Search case and diacritics sensitivity

For Recoll versions 1.18 and later, and when working with a raw index (not the default), searches can be sensitive to character case and diacritics. How this happens is controlled by configuration variables and what search data is entered.

The general default is that searches entered without upper-case or accented characters are insensitive to case and diacritics. An entry of resume will match any of Resume, RESUME, résumé, Résumé etc.

Two configuration variables can automate switching on sensitivity (they were documented but actually did nothing until Recoll 1.22):

autodiacsens

If this is set, search sensitivity to diacritics will be turned on as soon as an accented character exists in a search term. When the variable is set to true, resume will start a diacritics-unsensitive search, but résumé will be matched exactly. The default value is false.

autocasesens

If this is set, search sensitivity to character case will be turned on as soon as an upper-case character exists in a search term except for the first one. When the variable is set to true, us or Us will start a diacritics-unsensitive search, but US will be matched exactly. The default value is true (contrary to autodiacsens).

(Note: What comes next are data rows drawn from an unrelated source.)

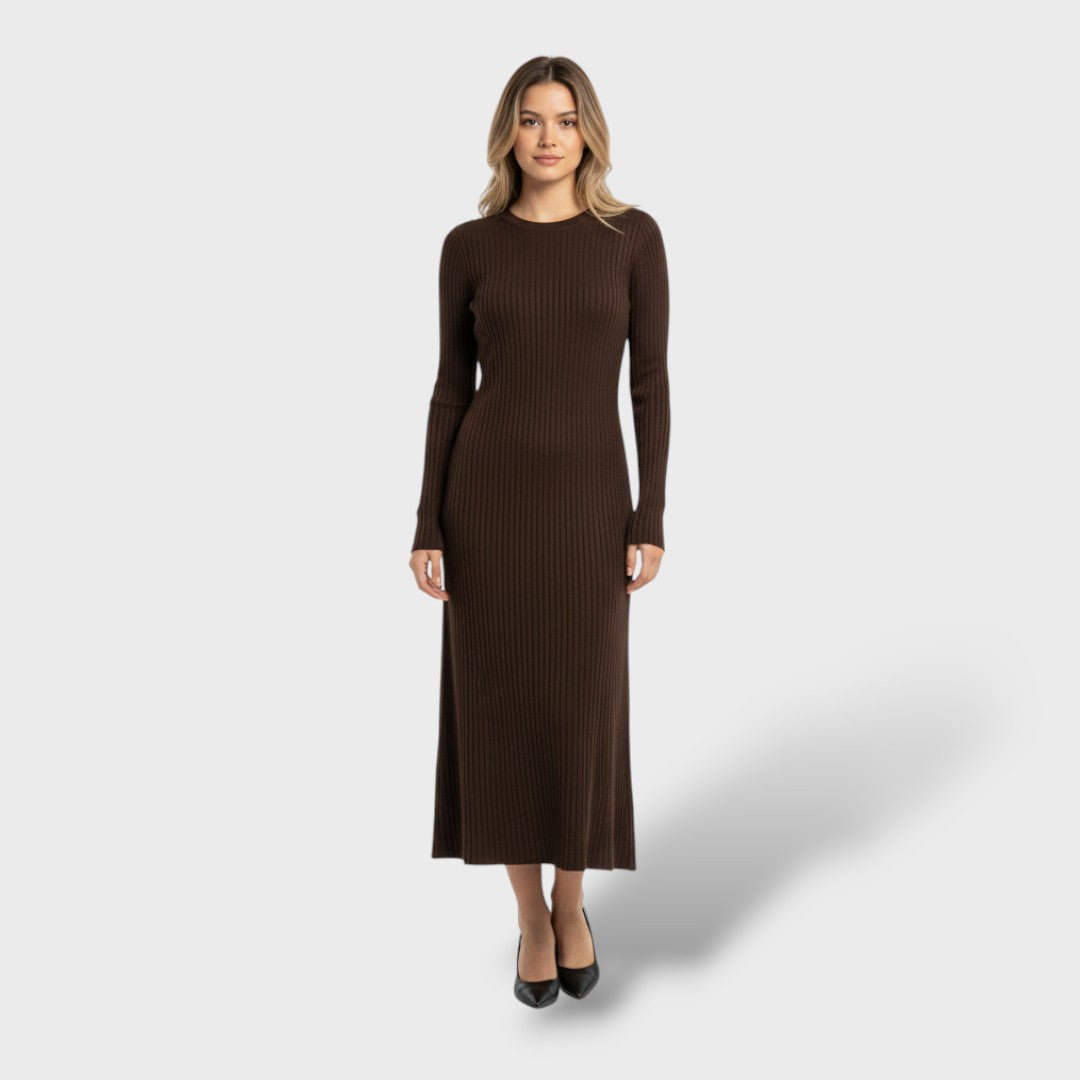 Vestido Largo Mujer de Lana Merino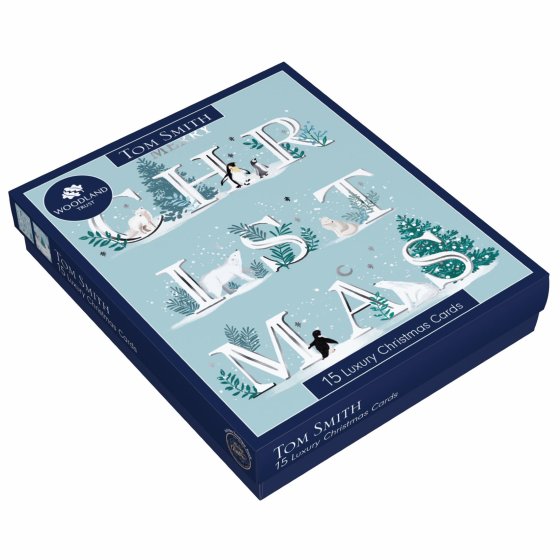 XH0406 CARDS LUX BOXED ARCTIC ANIMALS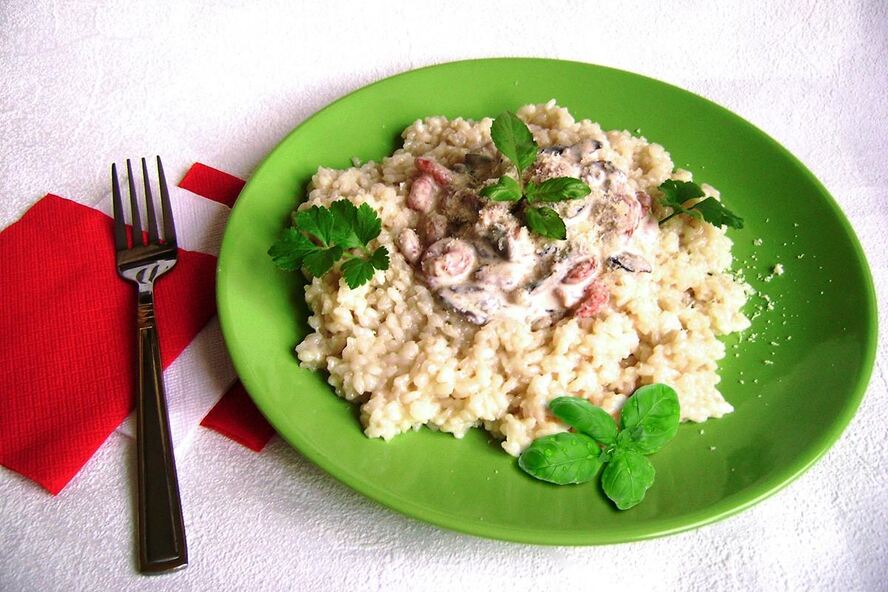 Рецепт ризотто в сливочном соусе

As in the past, capitalizing the first letter of a word will turn off its stem expansion and have no effect on case-sensitivity.

You can also explicitly activate case and diacritics sensitivity by using modifiers with the query language. C will make the term case-sensitive, and D will make it diacritics-sensitive. Examples:

        "us"C
      

will search for the term us exactly (Us will not be a match).

        "resume"D
      

will search for the term resume exactly (résumé will not be a match).

When either case or diacritics sensitivity is activated, stem expansion is turned off. Having both does not make much sense.